Transformation of the male Avalokiteshwara into the female Kuan Yin -
A scholarly analysis of the deity’s gender change is given by Bagyalakshmi in her article, Creation of Goddess of Mercy from Avalokitesvara -
Avalokitesvara who is a male Bodhisattva in India was transformed into a goddess in a Chinese male oriented society. A preliminary statement can be made here, that sinicization of Buddhism led to the creation of the Goddess of mercy with Chinese characteristics from a male deity with Indian characteristics. What brought about this change in the gender of this Bodhisattva and why? This transformation of a male deity from India into a female Goddess of mercy in a strongly patriarchal Chinese society both at the terrestrial and celestial levels has surprised many. Celestial because for any woman to gain entrance into the Paradise of Amitabha, she should shed her female form and assume a male form. For a female divinity to have grown in the terrestrial level in a male dominated society, and to have given rise to a cult is equally strange. It is not that there were no goddesses prior to the introduction of Buddhism in China. Only they were not as important.

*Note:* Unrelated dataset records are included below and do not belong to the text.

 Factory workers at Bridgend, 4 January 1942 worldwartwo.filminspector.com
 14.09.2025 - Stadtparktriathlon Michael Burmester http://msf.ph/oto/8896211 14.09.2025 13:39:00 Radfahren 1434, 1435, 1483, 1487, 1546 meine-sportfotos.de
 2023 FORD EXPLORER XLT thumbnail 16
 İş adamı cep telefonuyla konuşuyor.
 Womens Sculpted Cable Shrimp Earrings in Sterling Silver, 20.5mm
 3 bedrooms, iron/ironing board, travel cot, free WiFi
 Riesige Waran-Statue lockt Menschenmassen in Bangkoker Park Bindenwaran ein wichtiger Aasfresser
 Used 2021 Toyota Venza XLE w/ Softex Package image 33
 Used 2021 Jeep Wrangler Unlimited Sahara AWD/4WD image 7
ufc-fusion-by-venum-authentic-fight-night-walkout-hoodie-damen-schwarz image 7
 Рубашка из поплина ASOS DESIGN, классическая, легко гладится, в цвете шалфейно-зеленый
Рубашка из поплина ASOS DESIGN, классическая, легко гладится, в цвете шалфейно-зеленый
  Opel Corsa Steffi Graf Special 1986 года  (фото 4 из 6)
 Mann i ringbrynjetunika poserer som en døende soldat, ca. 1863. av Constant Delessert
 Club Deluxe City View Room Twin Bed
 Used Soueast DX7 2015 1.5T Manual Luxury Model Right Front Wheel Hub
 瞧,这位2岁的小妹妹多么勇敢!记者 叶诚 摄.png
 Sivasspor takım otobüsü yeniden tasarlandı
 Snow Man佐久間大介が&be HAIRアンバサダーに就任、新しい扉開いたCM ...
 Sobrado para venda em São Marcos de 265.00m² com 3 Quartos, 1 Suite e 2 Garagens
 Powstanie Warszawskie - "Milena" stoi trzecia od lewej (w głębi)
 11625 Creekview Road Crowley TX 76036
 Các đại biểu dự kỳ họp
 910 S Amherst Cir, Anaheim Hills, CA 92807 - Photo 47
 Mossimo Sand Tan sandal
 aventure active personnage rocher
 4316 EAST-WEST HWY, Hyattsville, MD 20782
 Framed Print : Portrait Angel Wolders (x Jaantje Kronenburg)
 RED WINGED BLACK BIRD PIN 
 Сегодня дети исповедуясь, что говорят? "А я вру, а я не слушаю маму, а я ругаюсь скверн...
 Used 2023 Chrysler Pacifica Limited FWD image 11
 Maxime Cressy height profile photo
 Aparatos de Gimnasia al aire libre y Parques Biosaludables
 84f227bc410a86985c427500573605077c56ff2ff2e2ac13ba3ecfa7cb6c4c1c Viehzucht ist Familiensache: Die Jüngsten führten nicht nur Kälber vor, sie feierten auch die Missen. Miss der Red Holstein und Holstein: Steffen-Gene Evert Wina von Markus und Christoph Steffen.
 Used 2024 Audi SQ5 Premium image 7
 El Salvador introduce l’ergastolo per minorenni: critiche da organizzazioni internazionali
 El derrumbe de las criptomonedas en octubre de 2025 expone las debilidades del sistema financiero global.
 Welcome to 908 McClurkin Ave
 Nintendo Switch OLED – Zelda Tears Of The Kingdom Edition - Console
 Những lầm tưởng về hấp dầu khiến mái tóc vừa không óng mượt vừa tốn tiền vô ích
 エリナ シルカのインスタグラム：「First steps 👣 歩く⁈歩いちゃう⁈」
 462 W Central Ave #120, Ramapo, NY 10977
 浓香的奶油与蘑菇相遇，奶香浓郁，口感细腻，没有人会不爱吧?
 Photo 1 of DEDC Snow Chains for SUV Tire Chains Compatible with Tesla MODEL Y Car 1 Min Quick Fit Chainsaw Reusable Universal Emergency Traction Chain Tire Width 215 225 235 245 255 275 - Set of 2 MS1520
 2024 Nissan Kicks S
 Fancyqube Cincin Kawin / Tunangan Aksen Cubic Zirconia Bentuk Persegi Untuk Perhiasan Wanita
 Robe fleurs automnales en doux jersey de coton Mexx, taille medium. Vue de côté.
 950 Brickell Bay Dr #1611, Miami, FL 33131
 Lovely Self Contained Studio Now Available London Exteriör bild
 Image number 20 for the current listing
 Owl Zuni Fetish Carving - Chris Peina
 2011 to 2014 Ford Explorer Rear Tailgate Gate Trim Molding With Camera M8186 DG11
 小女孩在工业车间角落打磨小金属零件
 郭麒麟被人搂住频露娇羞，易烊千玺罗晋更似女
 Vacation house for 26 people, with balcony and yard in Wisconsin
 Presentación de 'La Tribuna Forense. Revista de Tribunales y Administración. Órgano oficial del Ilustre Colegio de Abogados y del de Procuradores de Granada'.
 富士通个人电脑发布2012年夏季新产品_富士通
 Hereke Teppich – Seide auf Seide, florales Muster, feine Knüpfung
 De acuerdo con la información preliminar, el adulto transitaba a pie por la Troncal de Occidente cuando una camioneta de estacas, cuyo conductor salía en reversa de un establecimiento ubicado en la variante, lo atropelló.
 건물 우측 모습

The transformation does not appear to have come about suddenly. The male Bodhisattva was gradually given an ambiguous form so that people saw what they desired to see. If we examine the iconographic representations of the goddess in China and elsewhere, the paintings and statues of this Bodhisattva initially did not reveal this change. The female anatomy was conspicuously absent, but from a graceful body structure one could feel the feminine element. At the same time the male characteristics of moustache and beard were also visible in the form of tendril like lines. Even these vanished in the sculptures of the Dazu caves where they appear to be completely female. (Full article available here ).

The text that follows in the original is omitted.